Wake’s ancestors first represented Northamptonshire in 1300, though none had sat in the Commons since 1478.
Soon after leaving Oxford in 1609, Wake undertook a grand tour of France, the Low Countries, and Italy. At Venice, where he resided for the next five years, he became the secretary of the newly appointed ambassador, Sir Dudley Carleton, to whom he had probably been recommended by Savile and by his own kinsman, Sir John Digby*, ambassador to Spain.
Early in 1624 Chamberlain wrote that Wake was to return to Italy as ambassador to Venice, ‘with a large commission for all Italy’, but his precise instructions would depend upon how Parliament responded to the failure of the Spanish Match; as Chamberlain shrewdly observed, ‘his employment is at the stake to stand or fall as matters pass there, though he have received his letters and instructions, and lords it handsomely already’. It was thus not simply as a Crown servant, but as one with a special task to perform, that Wake was returned to the Parliament of 1624 for Oxford University.
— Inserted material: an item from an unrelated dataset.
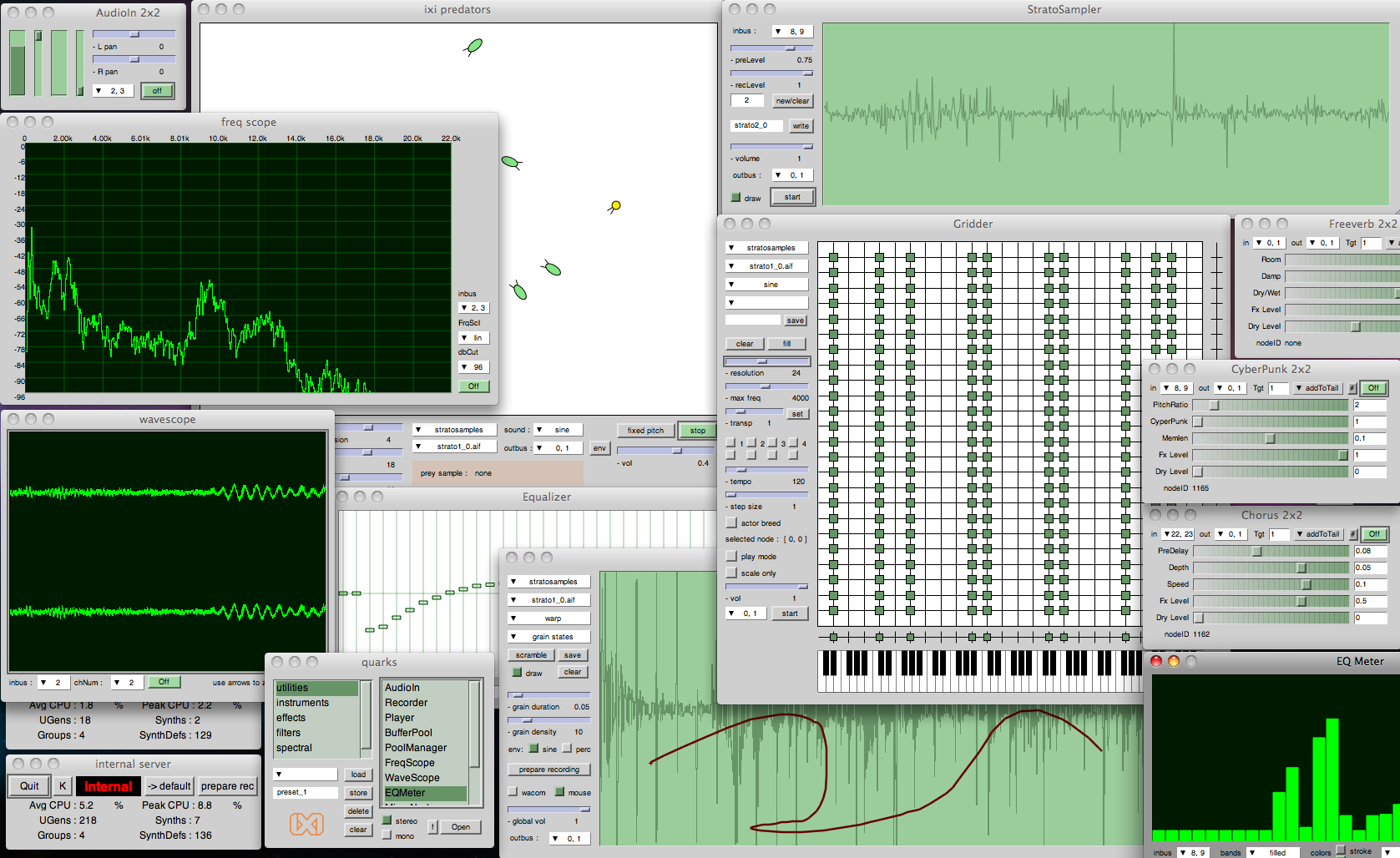 a screenshot of the SuperCollider programming environment
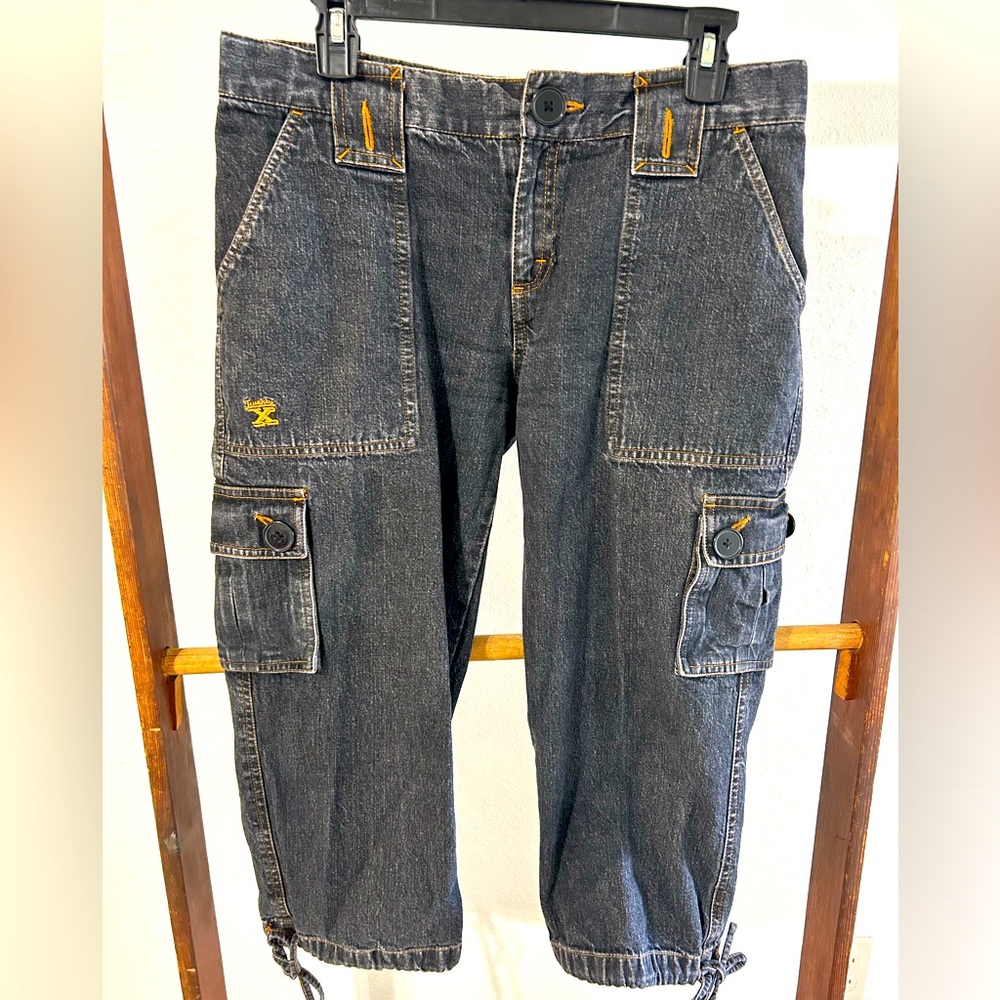 Vintage Y2K Twenty X Cargo Capri Denim Pants Size 5/6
Chamberlain commented upon Wake’s regular attendance in the House, and it is clear that he made a significant contribution to the revelations of Spanish treachery.
Wake remained in Italy, even matriculating at the university of Padua in 1625, until his transfer to the Paris embassy in 1631. Early the following year he threw his hat in to the competition to succeed Carleton as secretary of state; but he died intestate ‘of a burning fever’ at Paris in June 1632.